I mean, it probably isn't that balanced, since I pretty much agree with Neshomeh. I feel like people either generally agree with that ethos or don't, and if they don't they often don't end up joining the PPC.
I do however think if I were to go about constructing a mission for a fic (which I wouldn't yet, don't have permission), I wouldn't take into account a "please don't spork" request- if someone really doesn't want something sporked, sorry, but they probably shouldn't publish it publicly. Public fic is open to criticism in the same way published lit is, and sporking is a form of criticism. The standard PPC explanation makes as much sense to me now as it did when I read it on the wiki.
However, I think I might view the fic differently if, as you said, it's more of a guilty pleasure fic. A fic should, in my opinion, be judged based on its goals: humorfic should be judged more on it being funny than it making logical sense, and I might be more lenient in criticizing OOC moments (though in my opinion it should be possible to make things funny without having to force characters OOC), crackfic has a pretty different set of parameters for what makes it good, fluff isn't trying to construct an elaborate plot with high stakes, and so on. So if it's more of a fic about wish fulfillment or other guilty pleasures, I think I'd try to judge it by how it succeeds in those sorts of goals as much as by the traditional PPC metrics of glitter content, canon compliance, and so on.

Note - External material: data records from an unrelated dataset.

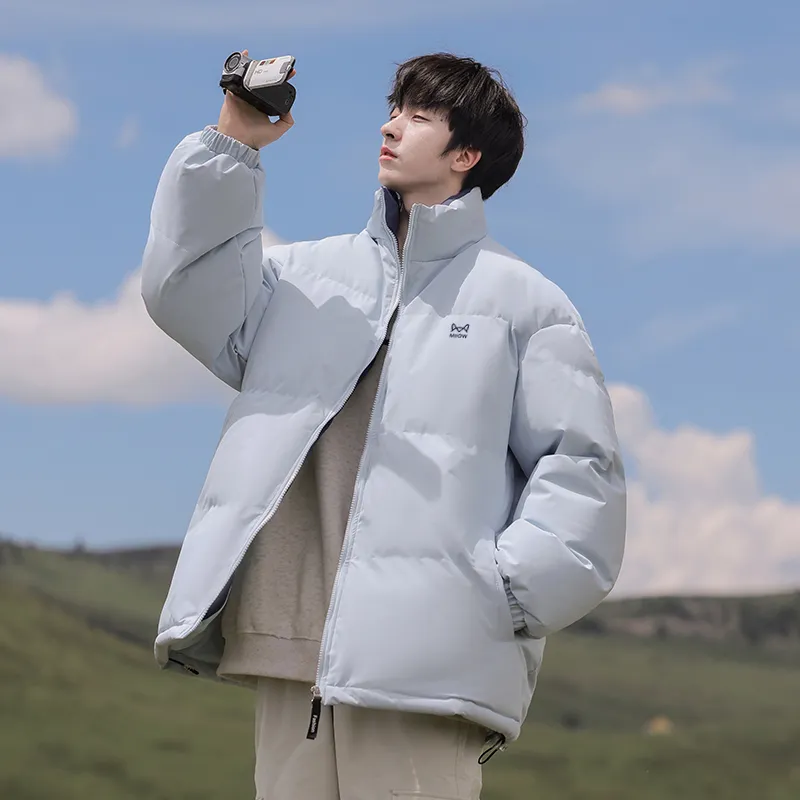 MIIOW Trend Party Series Puffer Jacket Unisex-21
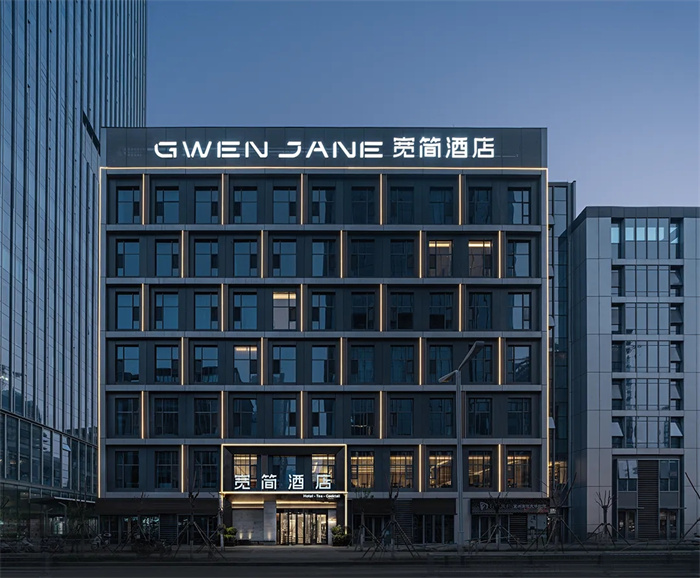 現(xiàn)代雅致東方  山東濟(jì)南寬簡精品酒店設(shè)計(jì)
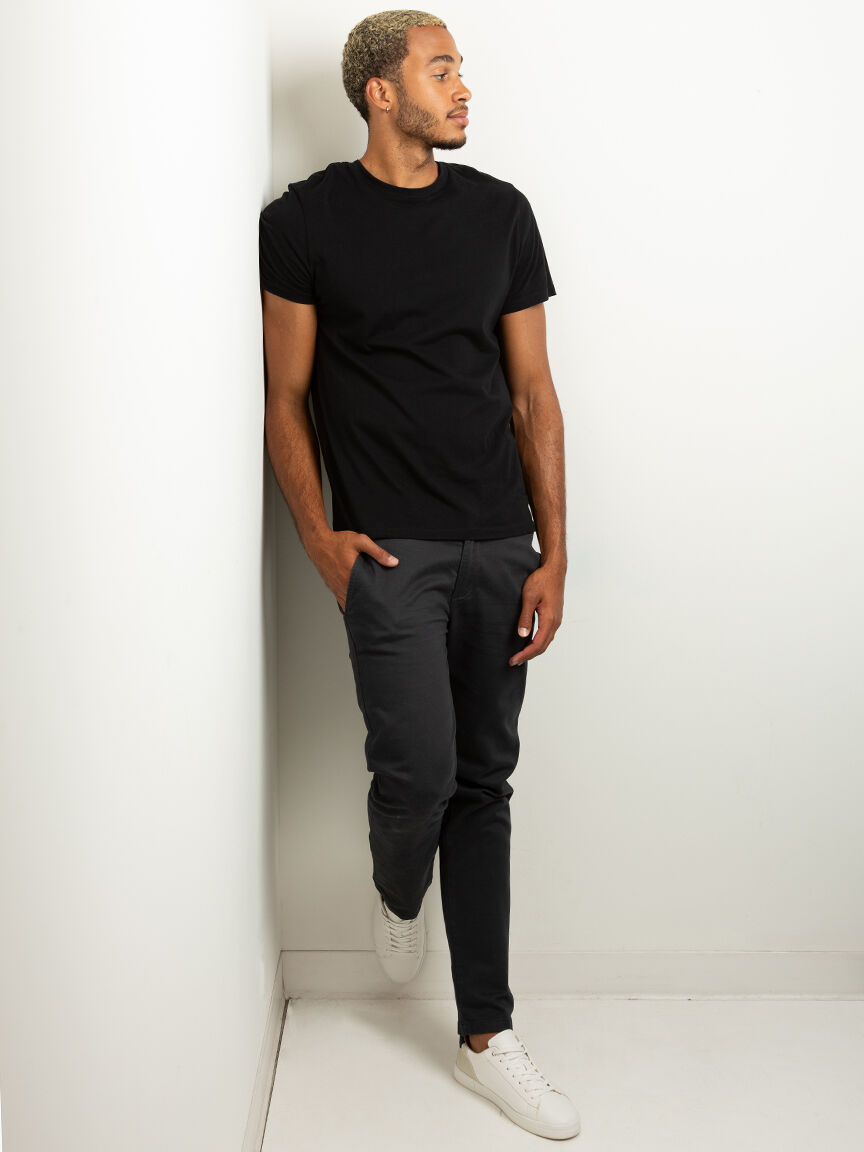 vaughn slim chino Image 5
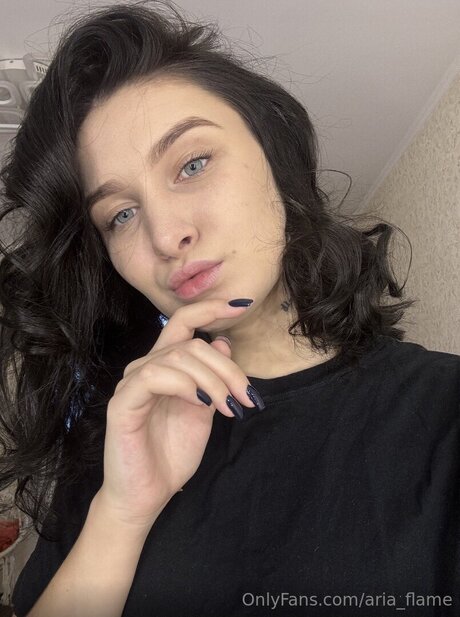 Aria Flame onlyfans nude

I think my main criticisms of wish fulfillment fic revolve more around how it relates to the original canon's appeal. For instance, if a Harry Potter fic throws everyone out of character in order to have a bunch of NSFW shenanigans involving anime demons, I'll probably be screaming at the fic to please pick a canon known for NSFW anime demons. But if a fic about, say, the Graceling universe has a main character with powers that tend to be broadly applicable and powerful who helps to fix a lot of the canon's problems with politics, I'll mind that a lot less because that's close to the appeal of the original canon. I mean, I'll definitely still be willing to be critical of the latter, but it helps if I can see why someone wanted to write something.
So all that is to say, if a guilty pleasure fic isn't aiming to be a great love letter to canon or a fascinating reinterpretation, I might not mind that.